In November 2006, I wrote about the coming winter, wondering if there would be sufficient snow cover to protect the fringe tree’s roots from freeze damage. Now I look out the window at that tree, a bit taller than last winter, its main trunks and branches trimmed with small white lights, and ask the same question, a foot of snow lying over the garden and more to come.

I wish for a winter-long blanket of snow over the garden, footprints and paw prints filled over and over again until I know the location of the garden’s shrubs only from memory of their proximity to the taller trees. When I shovel out the narrow path from porch steps to car, the white walls will rise until I cannot see over them.

Back in university days, I spent a winter comparing soil temperatures at a depth of 6 inches with and without snow cover.

I learned that temperatures in the root zone never dropped more than a degree or 2 below the freezing point of water if the soil was covered with a few inches of snow. On the other hand, roots were experiencing lethal temperatures in adjacent plots where snow was excluded.

Gardeners need to know that the fine nonwoody roots of many plant species, the roots most active in water and nutrient uptake during the growing season, are not as freezing-tolerant as woodier roots and stems. Winter survival of these fine roots in many species depends on insulation of the soil by snow.

Recent winters have taught us that there is more to plant winter survival than the average annual minimum temperature. We seem to be entering a period of more erratic winter weather, including more frequent thaw-freeze cycles. The insulating cover of snow that we once depended on to protect plant roots from freeze damage is lost or severely reduced during a midwinter thaw. If the thaw is quickly followed by extreme cold, plant roots can be killed by freezing temperatures that penetrate the bare ground.

Thus temperatures well within the range for a given hardiness zone may be lethal to the roots of plants recommended for that zone. When roots are lost to winter freezes, water uptake by the plant the next growing season may be severely limited, leading to branch die-back or death of the plant. Plant losses that we might blame on summer drought may, in fact, be related more to root loss in winter.

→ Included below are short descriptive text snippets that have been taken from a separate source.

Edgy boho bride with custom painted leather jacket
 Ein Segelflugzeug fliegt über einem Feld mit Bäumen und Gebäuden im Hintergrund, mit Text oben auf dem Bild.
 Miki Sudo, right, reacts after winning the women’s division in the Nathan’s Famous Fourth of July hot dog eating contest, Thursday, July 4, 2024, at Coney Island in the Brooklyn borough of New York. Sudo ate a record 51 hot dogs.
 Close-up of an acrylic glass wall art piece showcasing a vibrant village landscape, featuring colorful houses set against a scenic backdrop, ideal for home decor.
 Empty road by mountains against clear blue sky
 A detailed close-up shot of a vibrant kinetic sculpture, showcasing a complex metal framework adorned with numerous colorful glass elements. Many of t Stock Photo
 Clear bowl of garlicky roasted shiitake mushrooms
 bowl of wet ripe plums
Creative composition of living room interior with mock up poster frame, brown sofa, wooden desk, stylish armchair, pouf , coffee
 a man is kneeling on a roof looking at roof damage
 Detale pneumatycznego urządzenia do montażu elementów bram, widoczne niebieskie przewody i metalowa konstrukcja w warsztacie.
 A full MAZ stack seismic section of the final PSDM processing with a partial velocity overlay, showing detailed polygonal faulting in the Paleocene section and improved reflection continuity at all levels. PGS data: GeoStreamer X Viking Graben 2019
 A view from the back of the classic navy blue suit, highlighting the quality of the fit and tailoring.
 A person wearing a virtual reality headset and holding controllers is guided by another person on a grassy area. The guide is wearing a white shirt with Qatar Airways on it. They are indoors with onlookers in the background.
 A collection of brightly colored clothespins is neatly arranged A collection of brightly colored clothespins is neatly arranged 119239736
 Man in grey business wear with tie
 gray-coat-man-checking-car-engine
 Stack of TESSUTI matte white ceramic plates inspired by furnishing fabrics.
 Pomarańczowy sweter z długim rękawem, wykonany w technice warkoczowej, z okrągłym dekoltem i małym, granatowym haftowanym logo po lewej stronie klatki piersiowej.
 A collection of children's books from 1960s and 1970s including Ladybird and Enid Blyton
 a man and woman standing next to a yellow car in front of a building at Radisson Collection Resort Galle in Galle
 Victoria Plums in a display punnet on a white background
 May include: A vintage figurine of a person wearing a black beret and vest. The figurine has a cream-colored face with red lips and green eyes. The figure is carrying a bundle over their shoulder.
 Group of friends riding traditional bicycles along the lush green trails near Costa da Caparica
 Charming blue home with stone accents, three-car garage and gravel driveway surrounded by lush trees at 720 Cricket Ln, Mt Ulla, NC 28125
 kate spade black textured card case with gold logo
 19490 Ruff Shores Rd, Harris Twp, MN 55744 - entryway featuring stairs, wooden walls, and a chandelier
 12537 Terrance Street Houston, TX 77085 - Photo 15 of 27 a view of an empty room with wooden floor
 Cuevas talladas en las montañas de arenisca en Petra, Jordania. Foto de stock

It is also important to realize that plant winter survival is not dependent solely on the average annual winter temperature; plants can be severely damaged or killed by a single freeze. More erratic winter weather patterns can produce a single Zone 4 night in an otherwise Zone 5 garden. The successful gardener knows the garden’s microclimates, sites such as garden beds located near warm walls where temperatures are moderated and marginally hardy plants could thrive.

As weather patterns change, current hardiness zone boundaries can serve only as a starting point in selecting plants with adequate winter hardiness. If you garden near the border of two hardiness zones, it would be wise to build your garden around plants recommended for the colder zone.

Let us all hope that this winter is more like those remembered by the oldest of gardeners, a winter when there is snow on the ground until warm April winds begin a slow melt. Meanwhile, I send to you, faithful reader, this image of the fringe tree in Marjorie’s garden, a constellation come to Earth at the edge of the garden. May your roots stay warm through the coming months.